• WORK ITEM: Take the lines below from the one with "Квартира 130,1 м², 5-комнатная" through the one with "Bộ đồ tập Yoga" and retype them exactly. Include nothing else, and no pictures.

DATA RECORDS Block Start

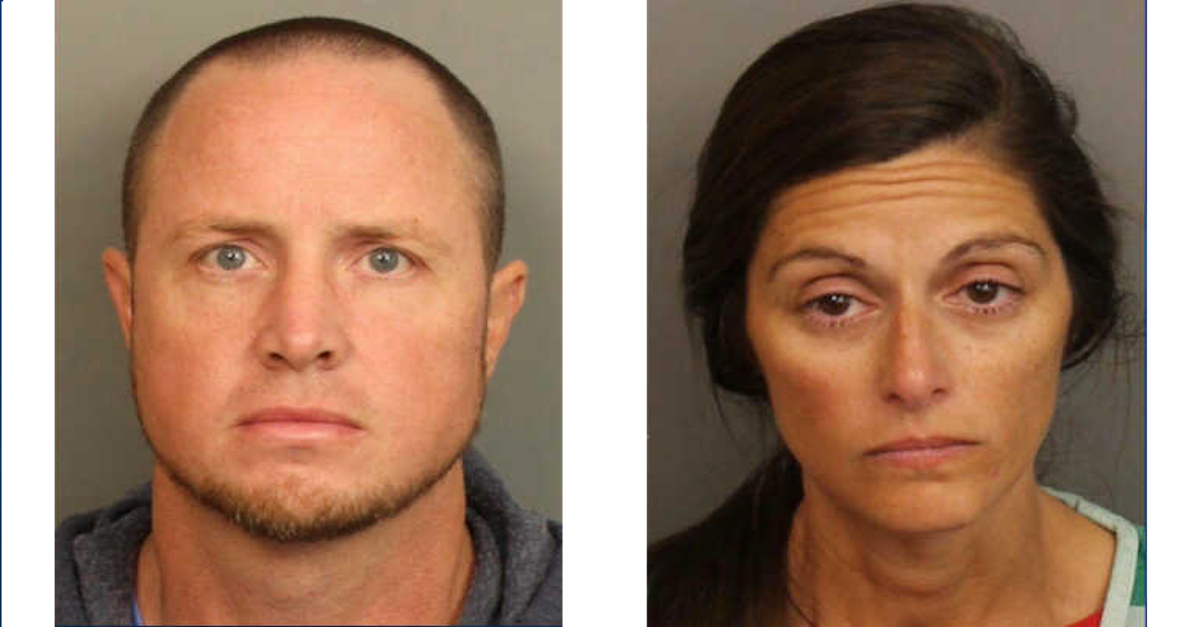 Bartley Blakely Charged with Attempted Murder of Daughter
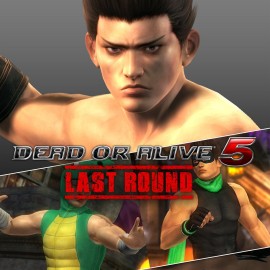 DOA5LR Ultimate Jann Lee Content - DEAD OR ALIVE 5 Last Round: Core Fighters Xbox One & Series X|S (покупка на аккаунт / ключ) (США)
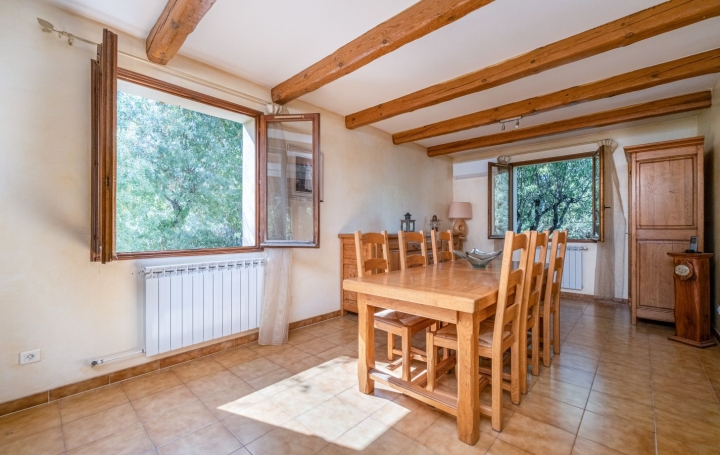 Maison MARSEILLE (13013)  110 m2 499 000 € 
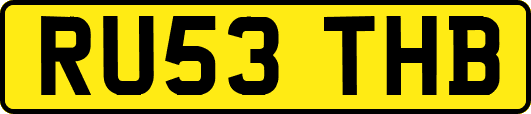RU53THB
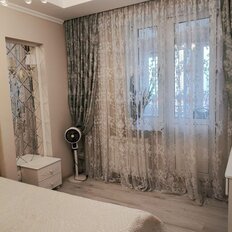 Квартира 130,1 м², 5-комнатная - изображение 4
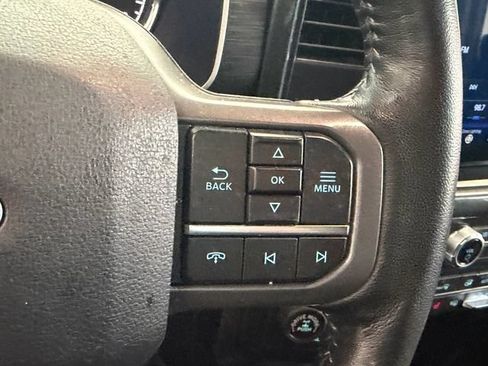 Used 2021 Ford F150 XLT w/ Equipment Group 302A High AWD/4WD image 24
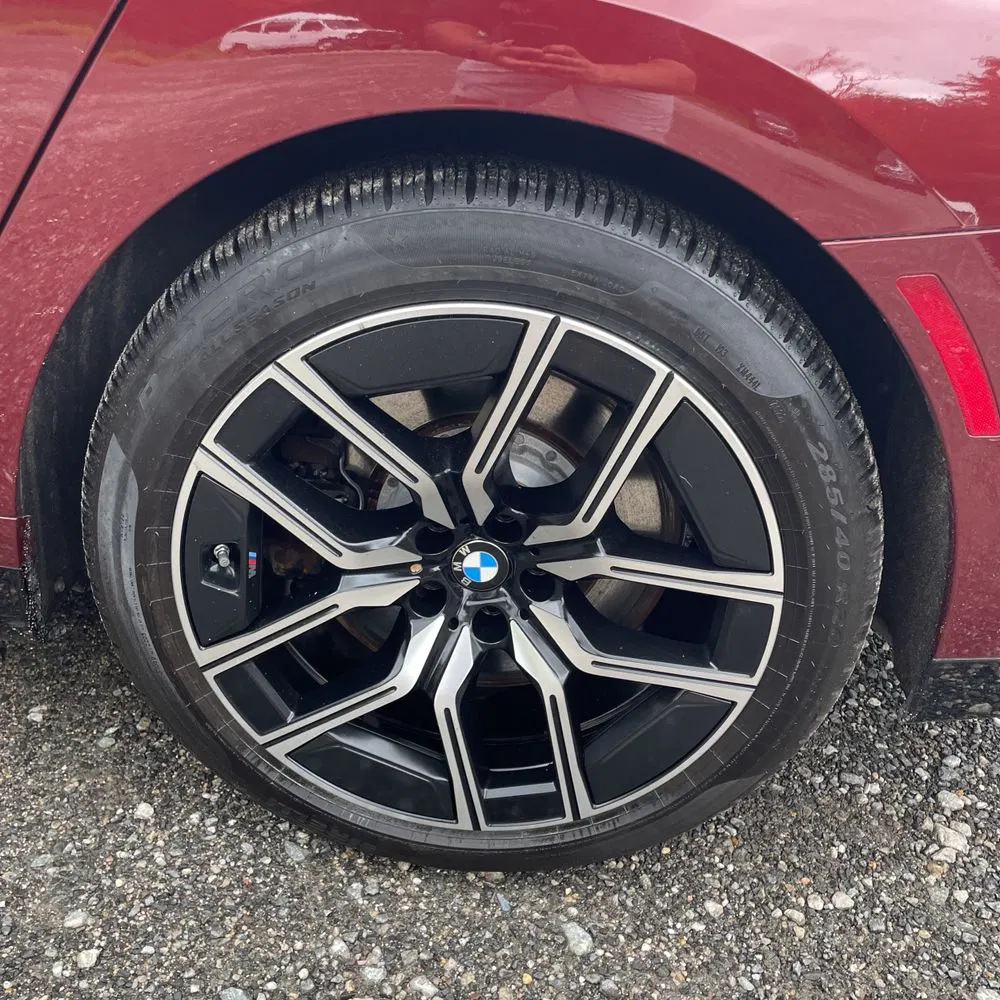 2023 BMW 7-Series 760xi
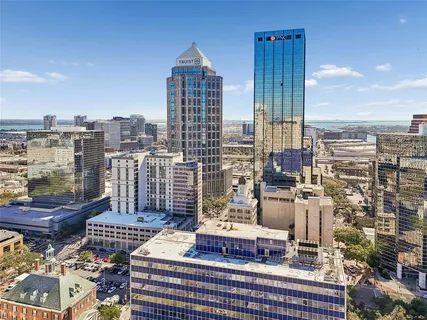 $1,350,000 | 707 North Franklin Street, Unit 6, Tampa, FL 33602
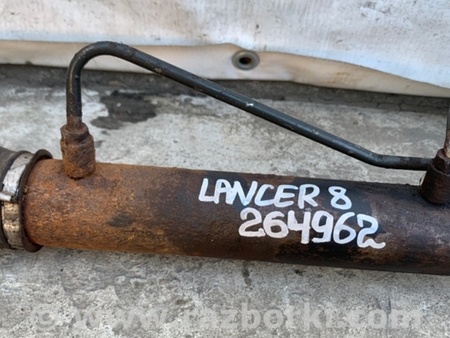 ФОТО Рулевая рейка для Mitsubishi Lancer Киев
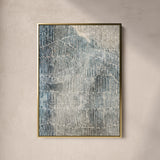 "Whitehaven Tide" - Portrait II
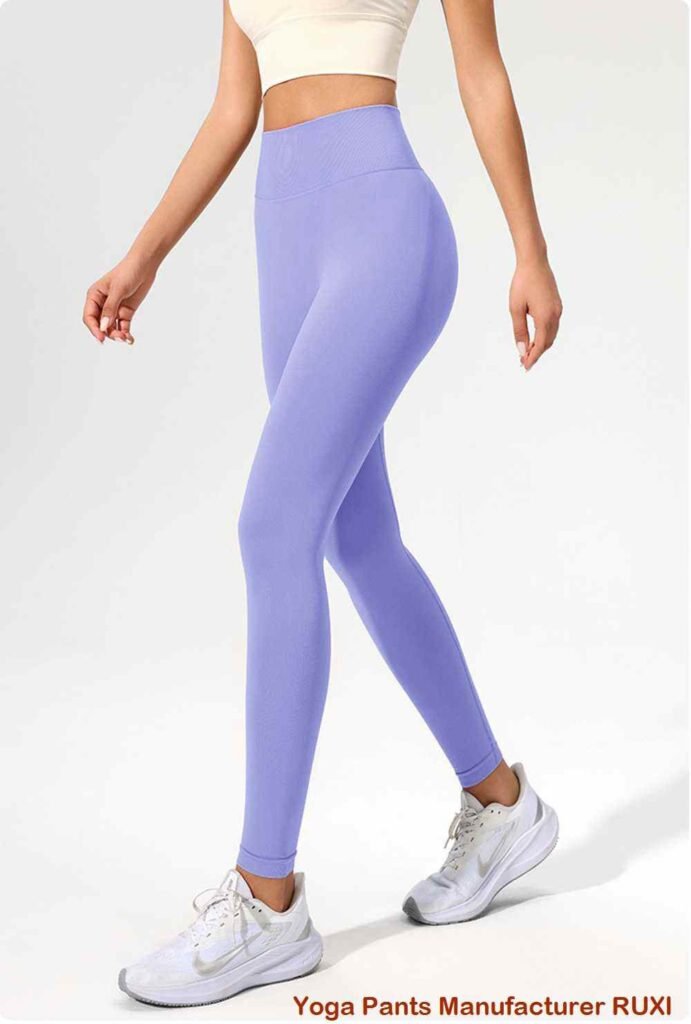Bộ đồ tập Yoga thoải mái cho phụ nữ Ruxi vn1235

DATA RECORDS Block End
DATA RECORDS Block Start

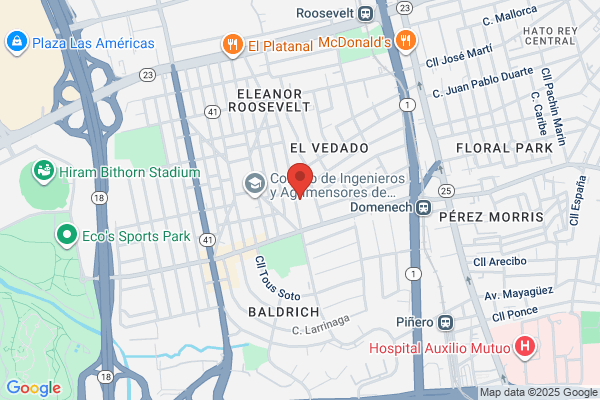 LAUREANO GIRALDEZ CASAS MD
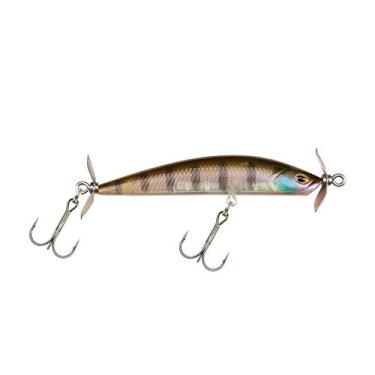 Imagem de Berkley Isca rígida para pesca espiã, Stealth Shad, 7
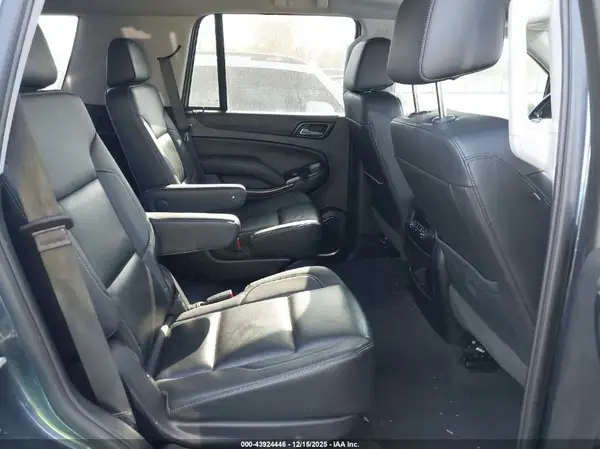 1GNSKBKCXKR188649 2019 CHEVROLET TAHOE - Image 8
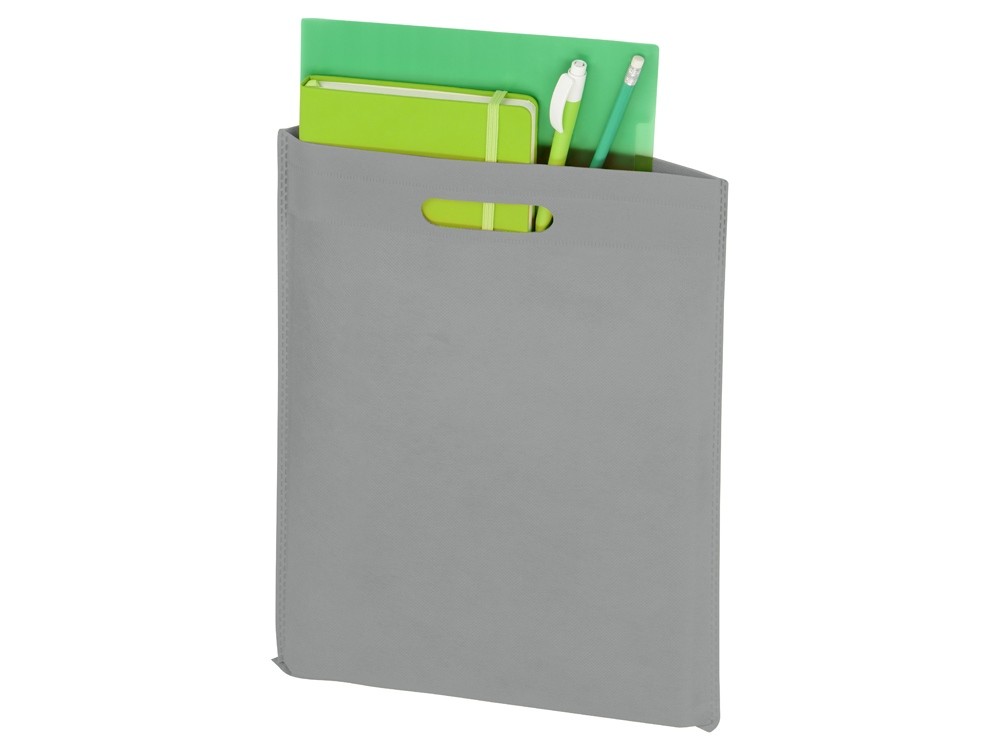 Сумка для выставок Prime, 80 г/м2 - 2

DATA RECORDS Block End
DATA RECORDS Block Start

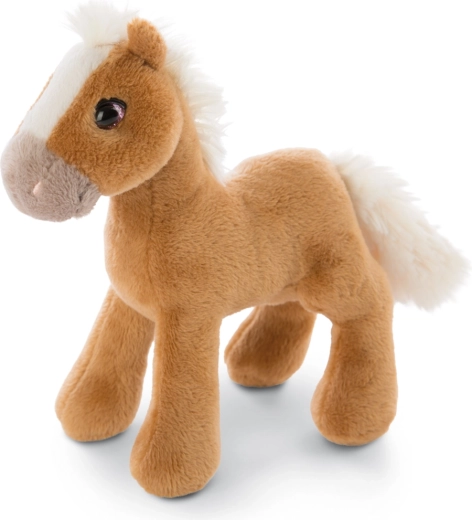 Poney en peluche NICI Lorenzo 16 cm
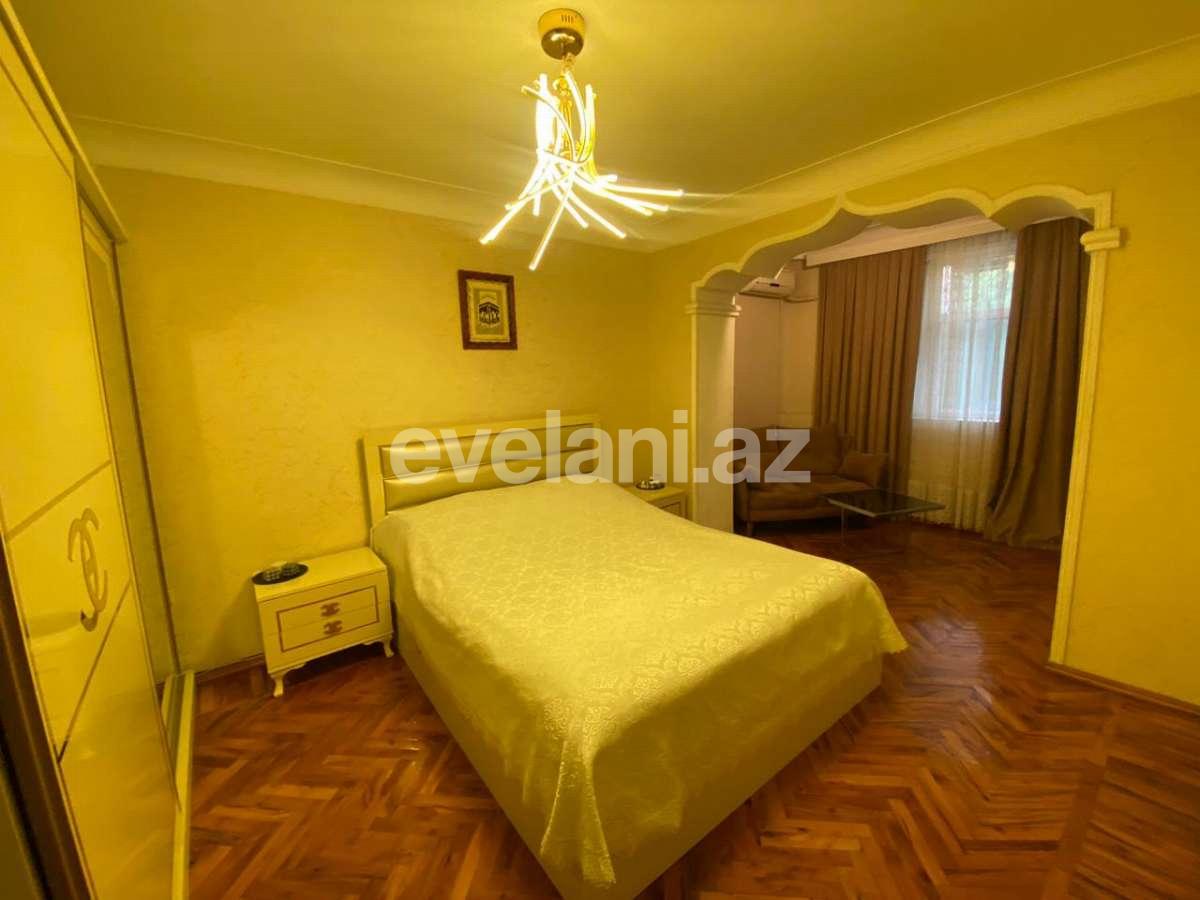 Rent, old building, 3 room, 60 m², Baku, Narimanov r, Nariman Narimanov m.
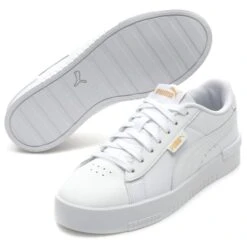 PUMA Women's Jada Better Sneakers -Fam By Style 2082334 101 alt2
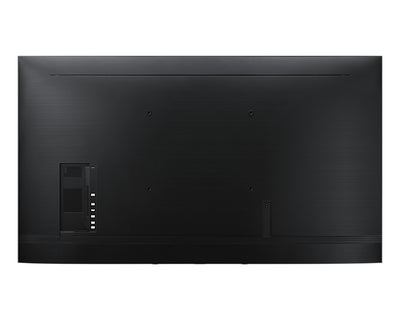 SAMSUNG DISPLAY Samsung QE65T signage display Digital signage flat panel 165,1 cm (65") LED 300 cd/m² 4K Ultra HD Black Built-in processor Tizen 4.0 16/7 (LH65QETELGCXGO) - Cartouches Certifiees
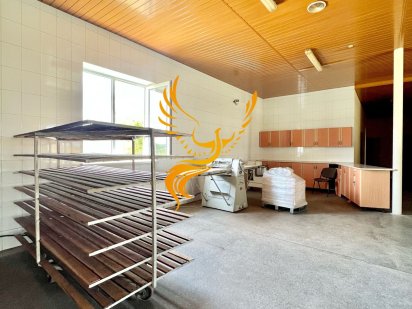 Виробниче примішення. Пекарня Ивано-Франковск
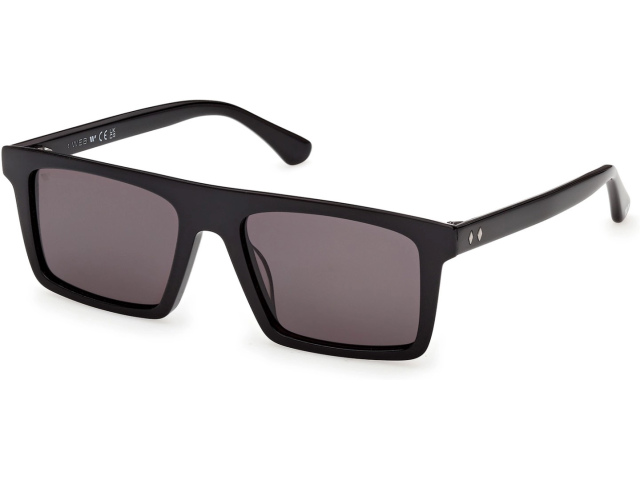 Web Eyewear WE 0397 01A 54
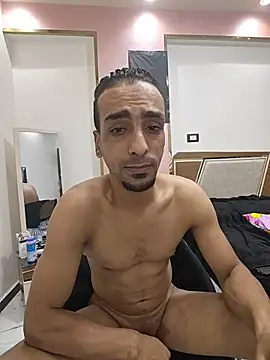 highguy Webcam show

DATA RECORDS Block End

• SOLVED PROBLEM:
 Квартира 130,1 м², 5-комнатная - изображение 4
 Used 2021 Ford F150 XLT w/ Equipment Group 302A High AWD/4WD image 24
 2023 BMW 7-Series 760xi
 $1,350,000 | 707 North Franklin Street, Unit 6, Tampa, FL 33602
 ФОТО Рулевая рейка для Mitsubishi Lancer Киев
 "Whitehaven Tide" - Portrait II
Bộ đồ tập Yoga thoải mái cho phụ nữ Ruxi vn1235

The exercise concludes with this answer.